WHAT IS BEING ASKED: Output the lines from the top of the entries below to the line with "A ground level", both included, exactly and without pictures.

DATASET below:

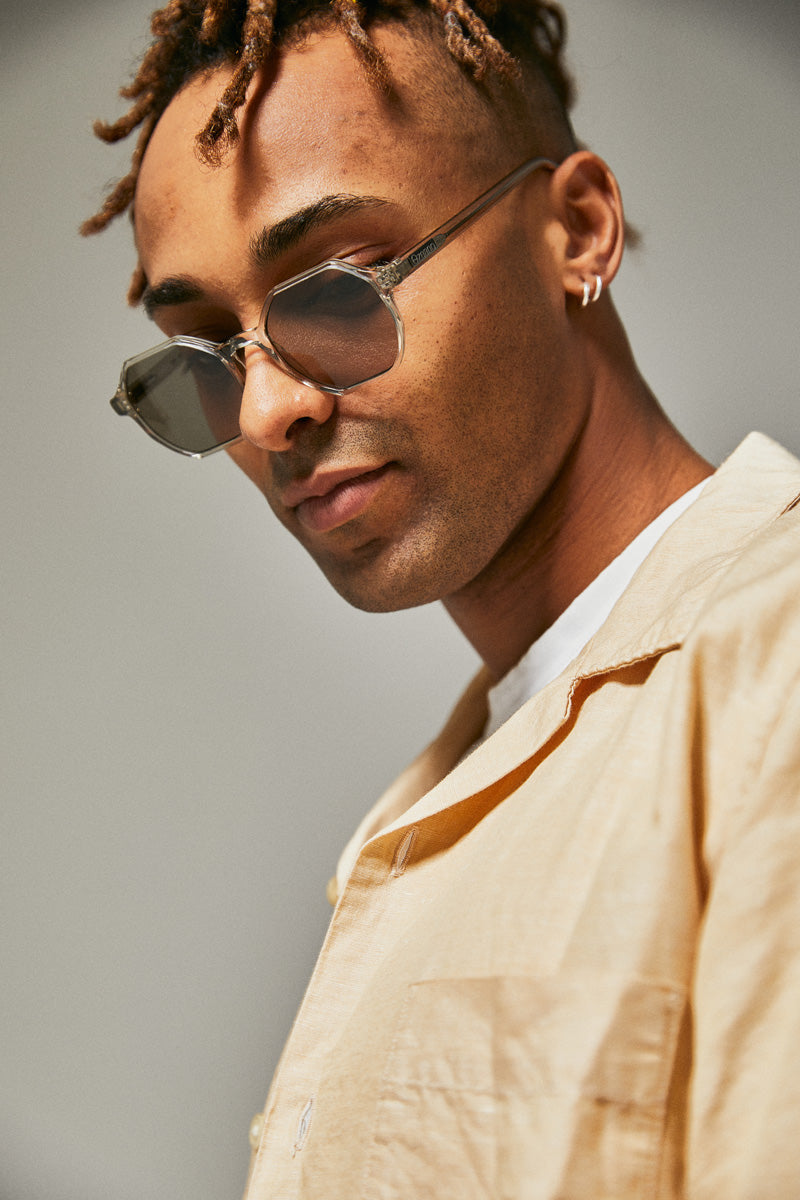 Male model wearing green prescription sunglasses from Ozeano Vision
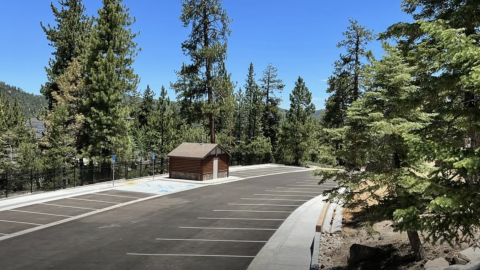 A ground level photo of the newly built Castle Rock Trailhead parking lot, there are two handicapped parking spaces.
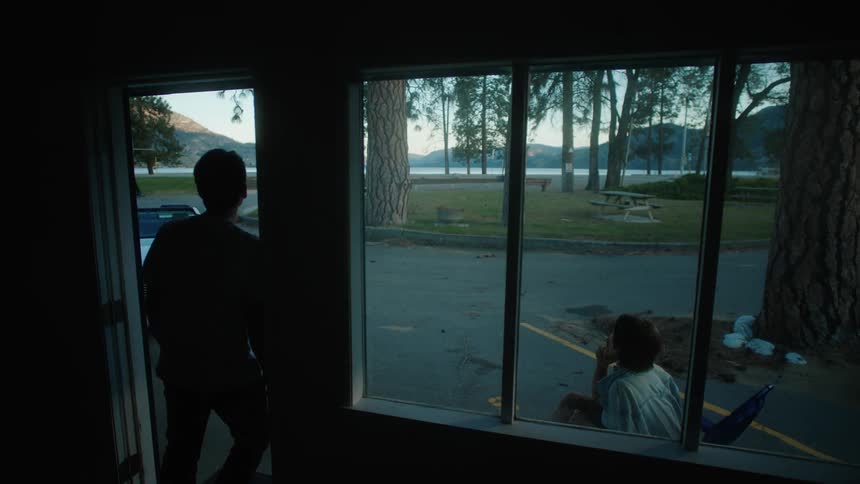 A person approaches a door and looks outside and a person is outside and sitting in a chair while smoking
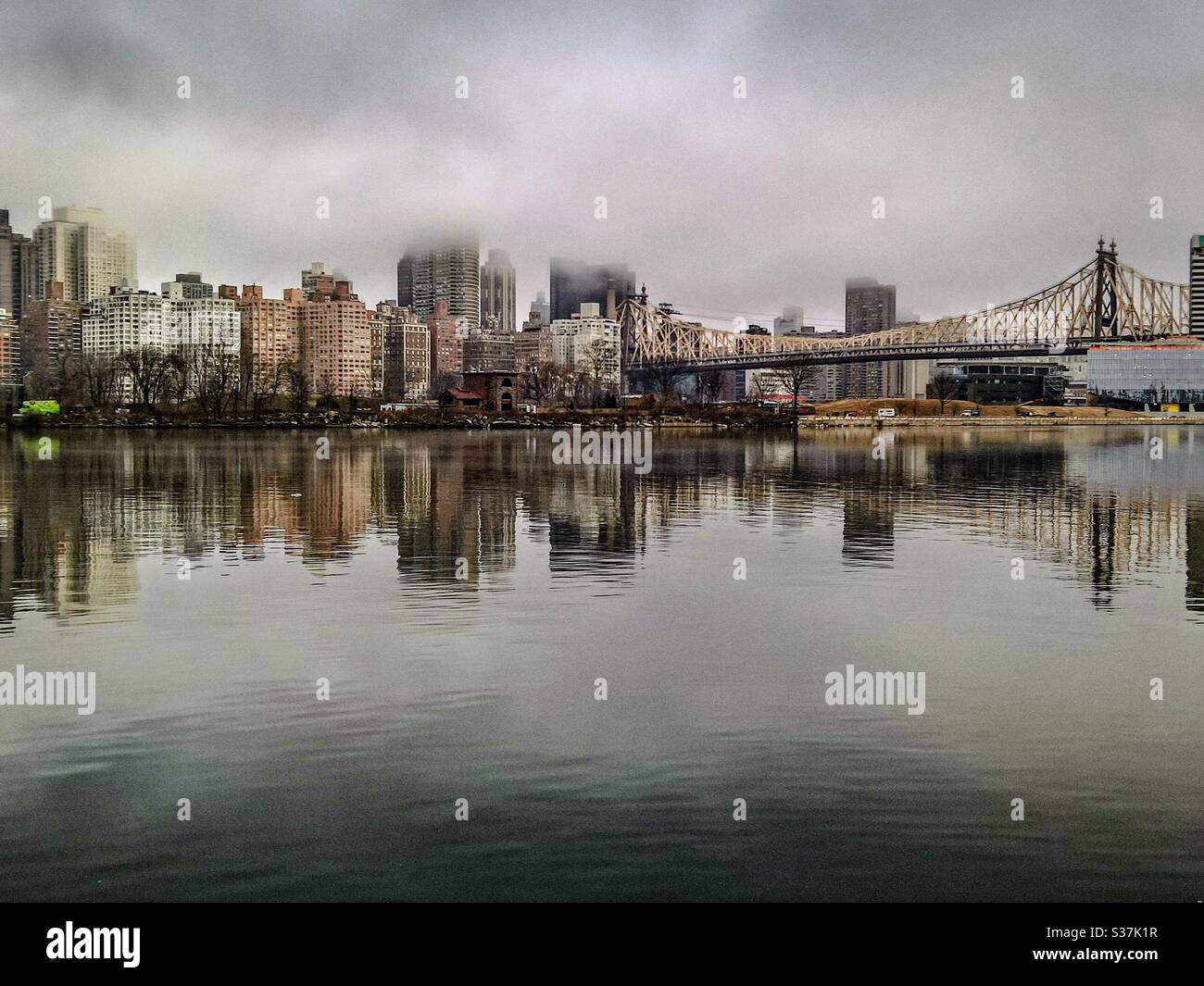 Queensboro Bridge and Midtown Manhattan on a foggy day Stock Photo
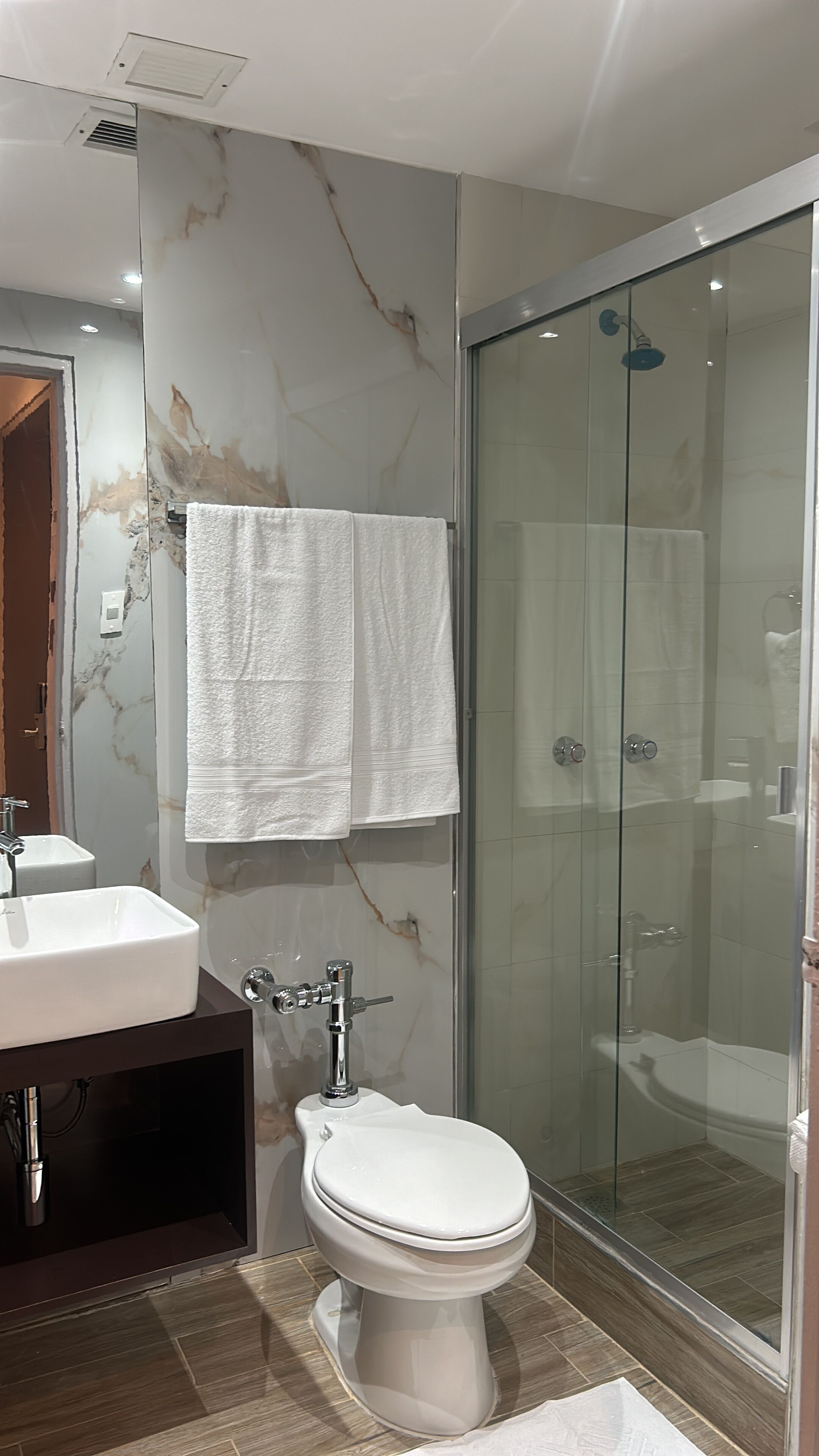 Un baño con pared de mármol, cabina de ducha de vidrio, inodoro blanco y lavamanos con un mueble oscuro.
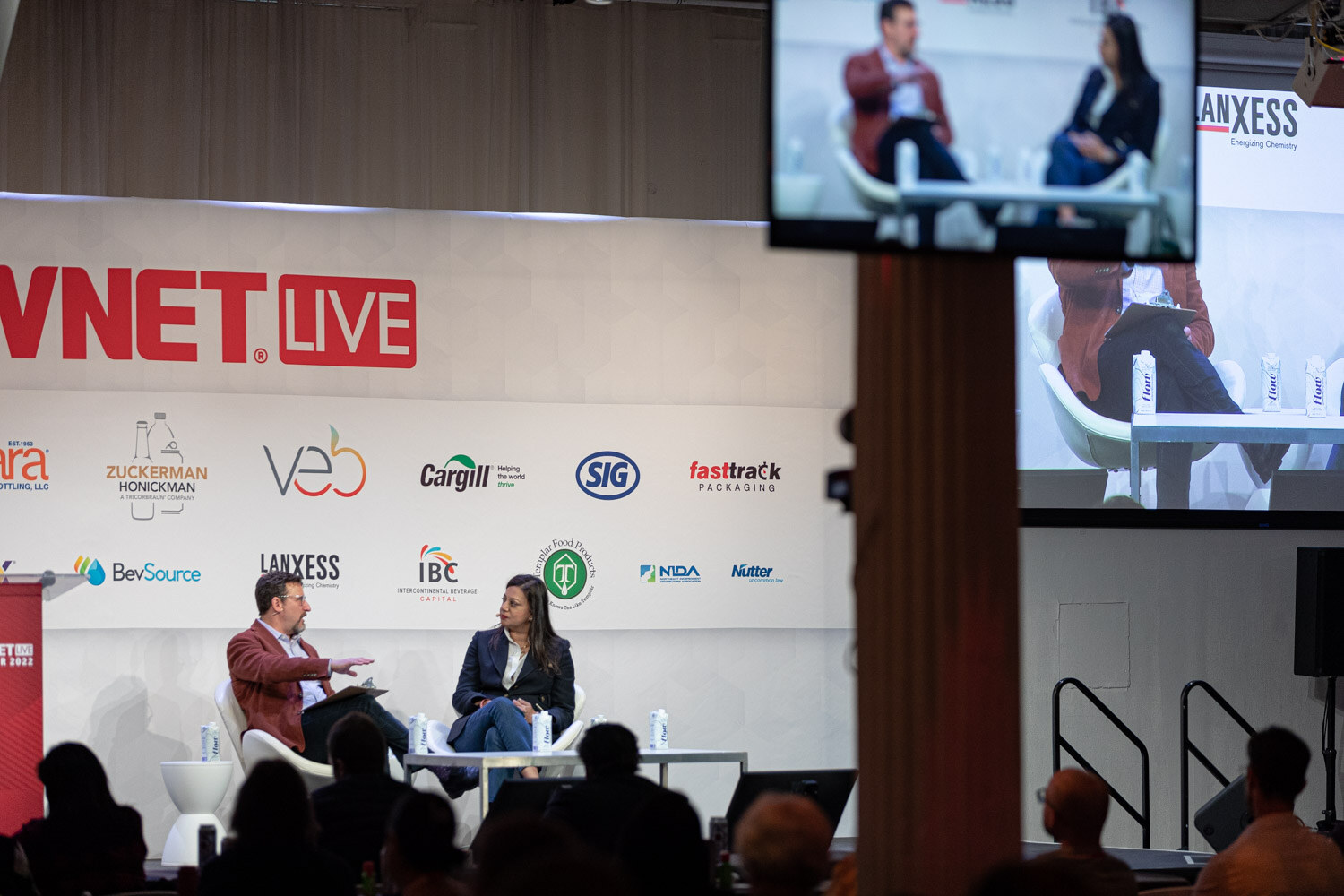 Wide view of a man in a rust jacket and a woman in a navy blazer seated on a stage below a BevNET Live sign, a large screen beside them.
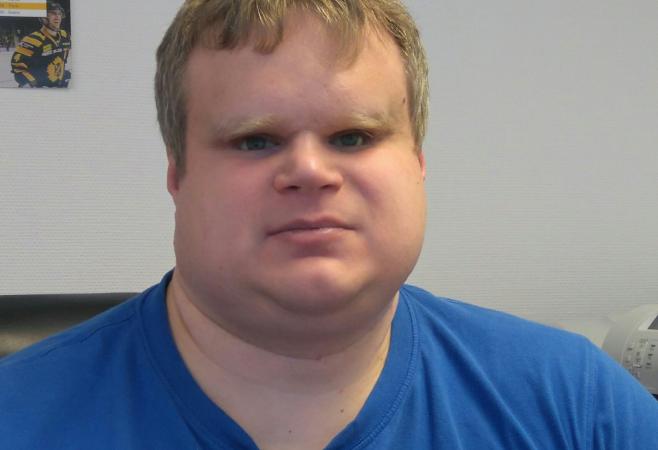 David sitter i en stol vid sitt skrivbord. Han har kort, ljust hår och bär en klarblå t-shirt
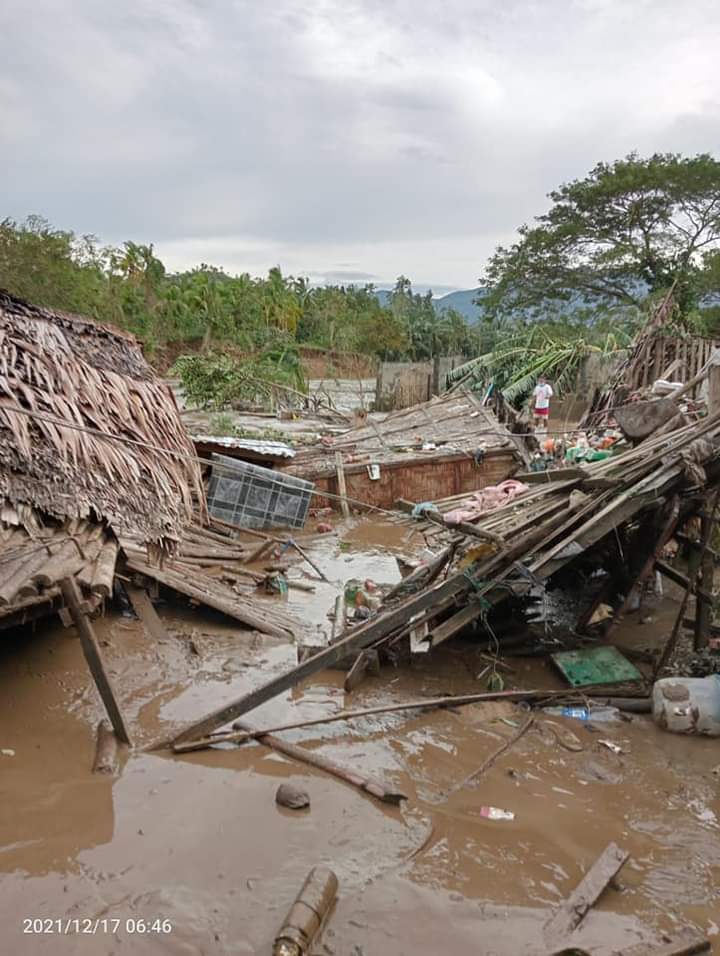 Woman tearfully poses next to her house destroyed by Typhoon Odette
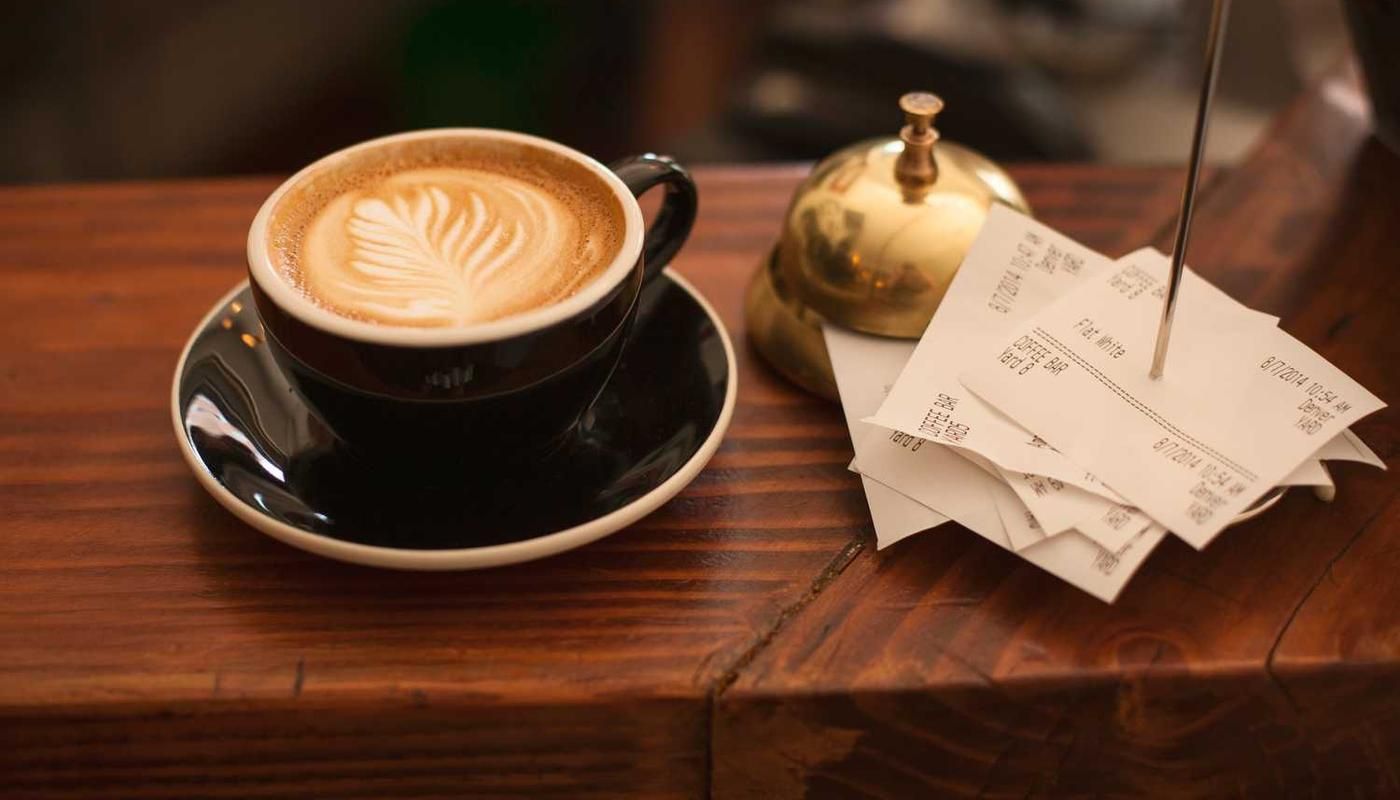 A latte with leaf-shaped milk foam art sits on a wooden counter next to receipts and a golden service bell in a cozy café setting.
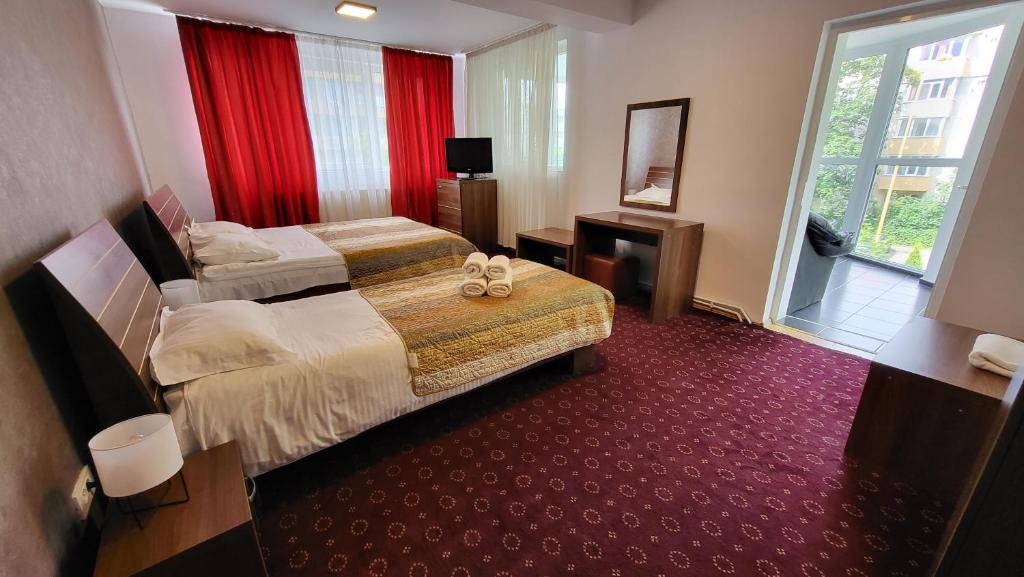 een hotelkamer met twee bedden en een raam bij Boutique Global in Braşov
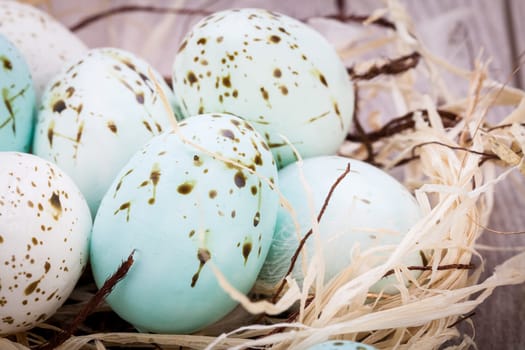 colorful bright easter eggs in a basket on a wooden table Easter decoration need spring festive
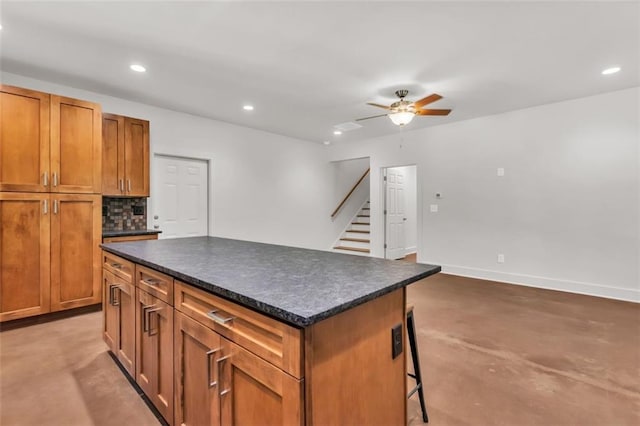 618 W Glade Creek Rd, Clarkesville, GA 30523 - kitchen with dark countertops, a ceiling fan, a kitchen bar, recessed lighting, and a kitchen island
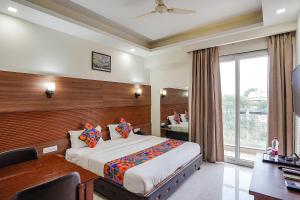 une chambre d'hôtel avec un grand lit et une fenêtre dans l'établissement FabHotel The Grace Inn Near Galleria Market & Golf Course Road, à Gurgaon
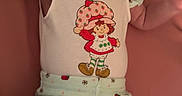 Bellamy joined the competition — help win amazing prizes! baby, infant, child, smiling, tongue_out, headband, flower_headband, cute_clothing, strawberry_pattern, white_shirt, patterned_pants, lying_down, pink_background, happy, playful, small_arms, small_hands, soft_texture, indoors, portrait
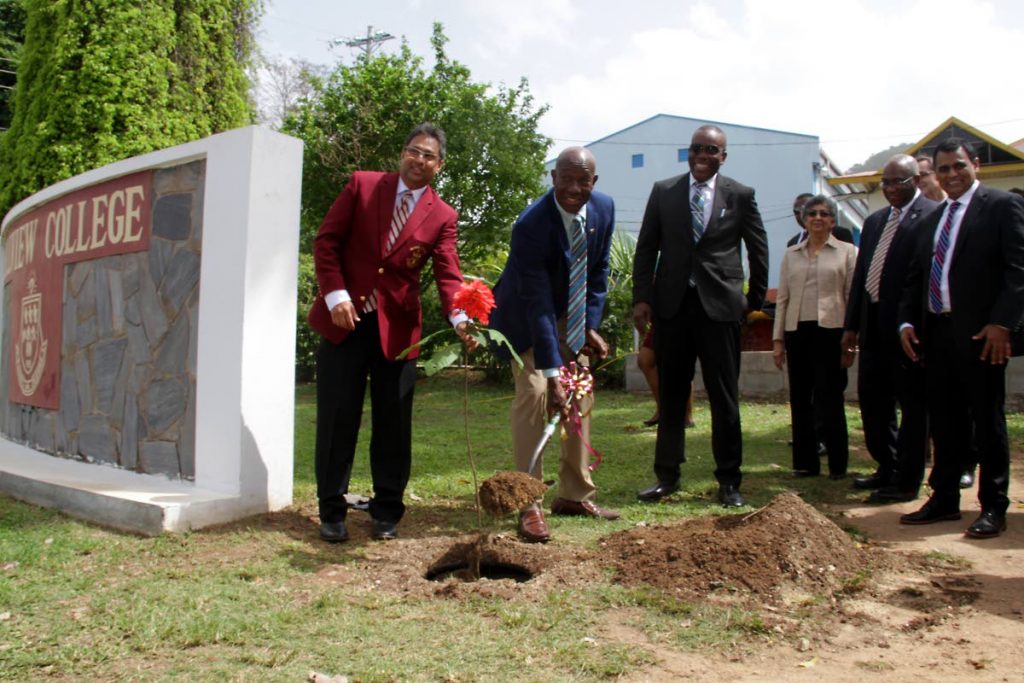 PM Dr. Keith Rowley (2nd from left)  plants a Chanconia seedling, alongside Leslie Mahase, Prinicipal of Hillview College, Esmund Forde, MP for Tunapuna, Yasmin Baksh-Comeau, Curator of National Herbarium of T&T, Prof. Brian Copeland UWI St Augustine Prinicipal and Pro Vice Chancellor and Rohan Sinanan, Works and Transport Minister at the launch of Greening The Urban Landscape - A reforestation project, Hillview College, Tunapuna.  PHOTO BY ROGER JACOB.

End of DATASET.

WRITTEN REPLY:
 Male model wearing green prescription sunglasses from Ozeano Vision
 A ground level photo of the newly built Castle Rock Trailhead parking lot, there are two handicapped parking spaces.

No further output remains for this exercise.